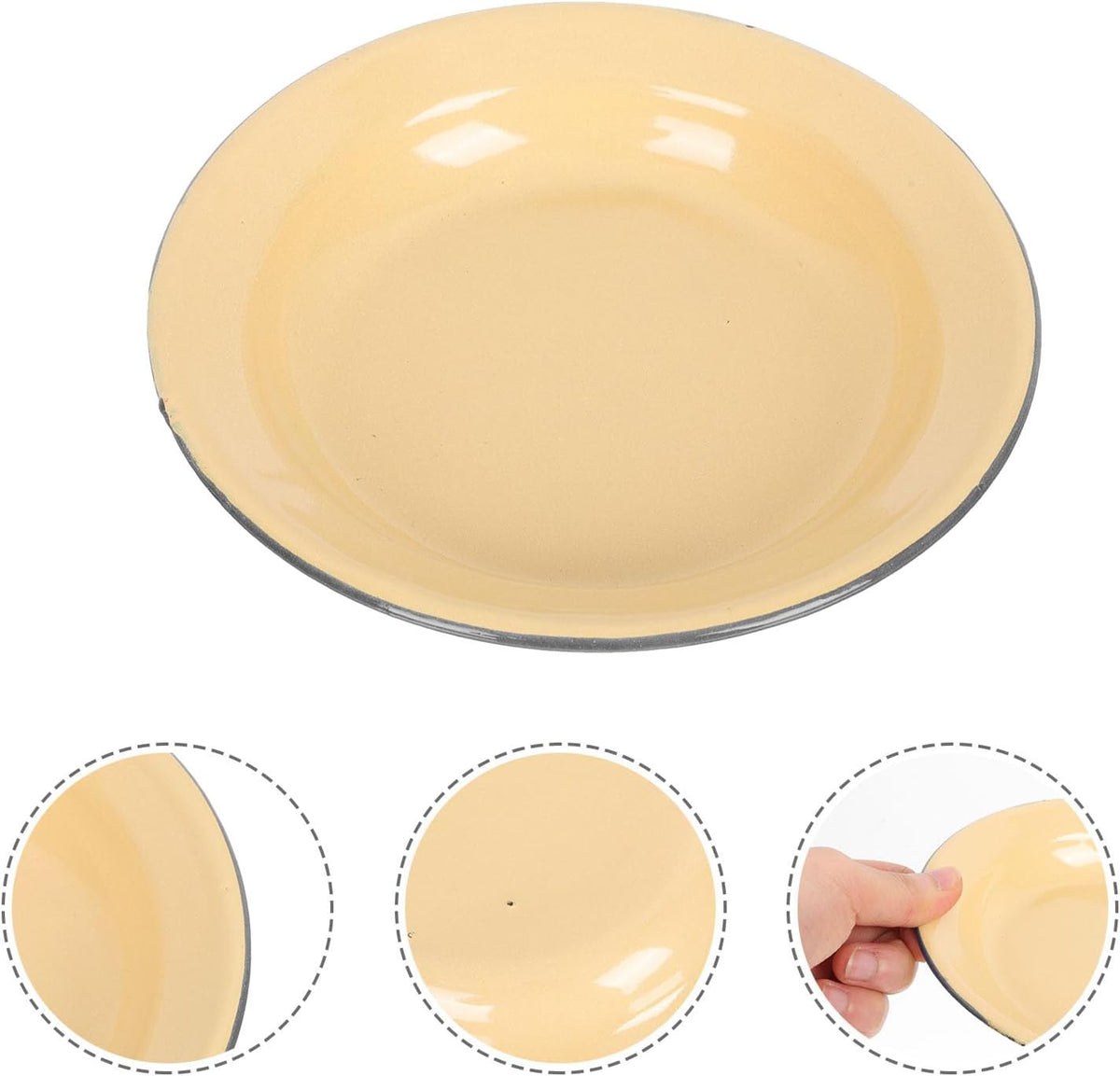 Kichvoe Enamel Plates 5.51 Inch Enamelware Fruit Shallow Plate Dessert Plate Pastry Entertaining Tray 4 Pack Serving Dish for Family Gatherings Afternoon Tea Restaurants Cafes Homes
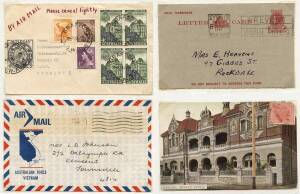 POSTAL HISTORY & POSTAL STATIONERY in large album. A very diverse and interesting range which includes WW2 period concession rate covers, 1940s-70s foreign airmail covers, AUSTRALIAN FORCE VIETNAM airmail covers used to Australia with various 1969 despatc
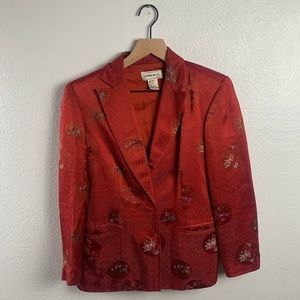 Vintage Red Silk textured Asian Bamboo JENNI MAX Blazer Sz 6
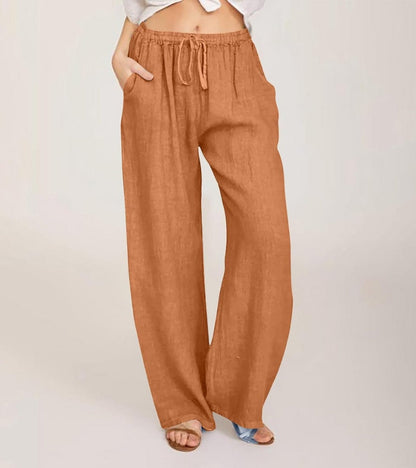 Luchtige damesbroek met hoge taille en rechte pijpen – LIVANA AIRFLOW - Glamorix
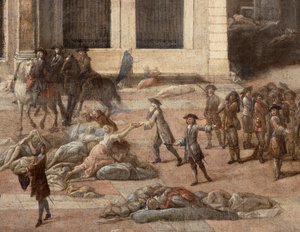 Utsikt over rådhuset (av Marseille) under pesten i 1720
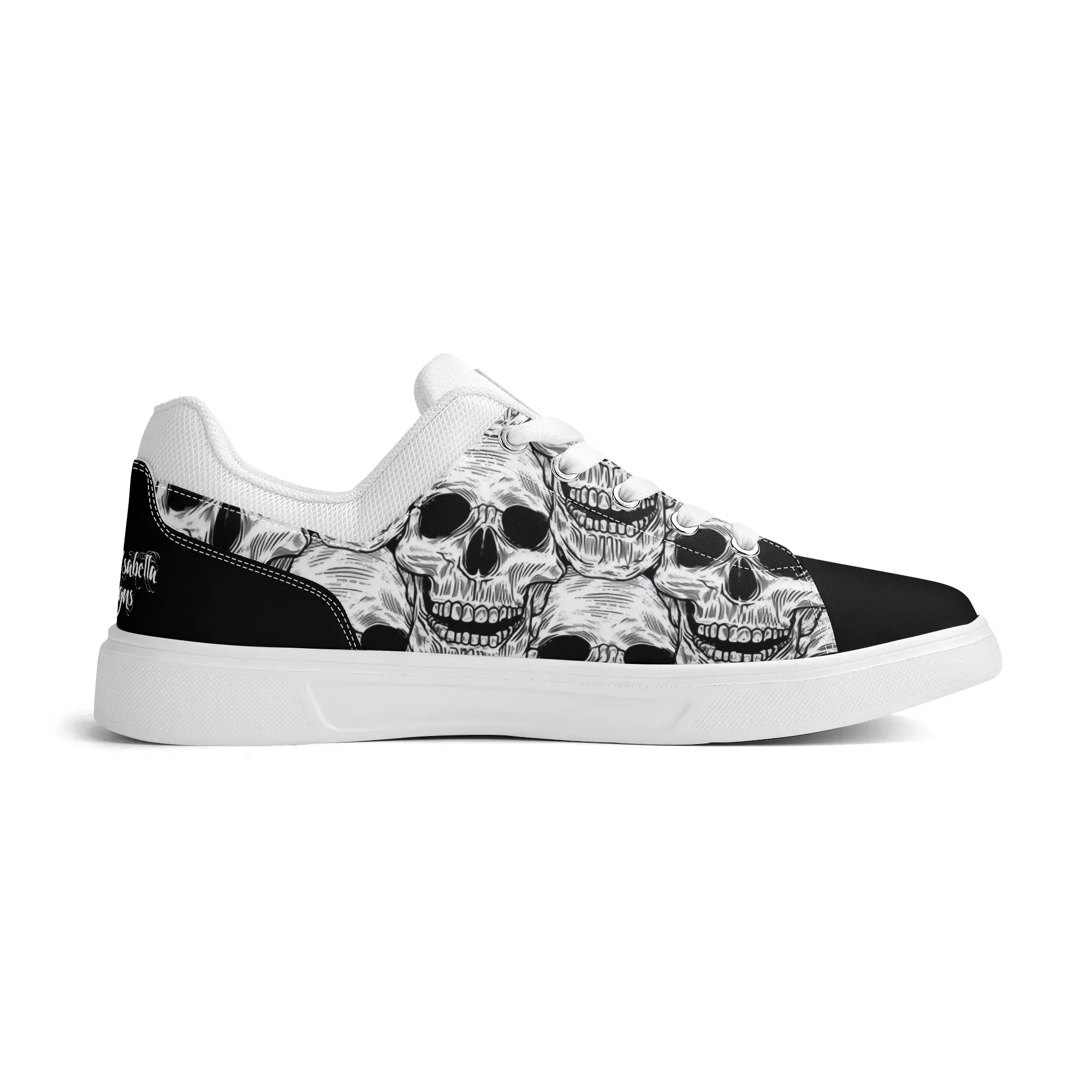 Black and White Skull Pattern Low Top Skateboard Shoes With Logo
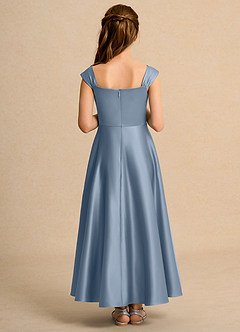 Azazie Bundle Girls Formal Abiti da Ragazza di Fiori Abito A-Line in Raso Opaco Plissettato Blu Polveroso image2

# # #

## What is required
Drop the images; return the entries above exactly as they appear.

## Task solution
 Kichvoe Enamel Plates 5.51 Inch Enamelware Fruit Shallow Plate Dessert Plate Pastry Entertaining Tray 4 Pack Serving Dish for Family Gatherings Afternoon Tea Restaurants Cafes Homes
 POSTAL HISTORY & POSTAL STATIONERY in large album. A very diverse and interesting range which includes WW2 period concession rate covers, 1940s-70s foreign airmail covers, AUSTRALIAN FORCE VIETNAM airmail covers used to Australia with various 1969 despatc
 Vintage Red Silk textured Asian Bamboo JENNI MAX Blazer Sz 6
 Luchtige damesbroek met hoge taille en rechte pijpen – LIVANA AIRFLOW - Glamorix
 Utsikt over rådhuset (av Marseille) under pesten i 1720
 Black and White Skull Pattern Low Top Skateboard Shoes With Logo
 Azazie Bundle Girls Formal Abiti da Ragazza di Fiori Abito A-Line in Raso Opaco Plissettato Blu Polveroso image2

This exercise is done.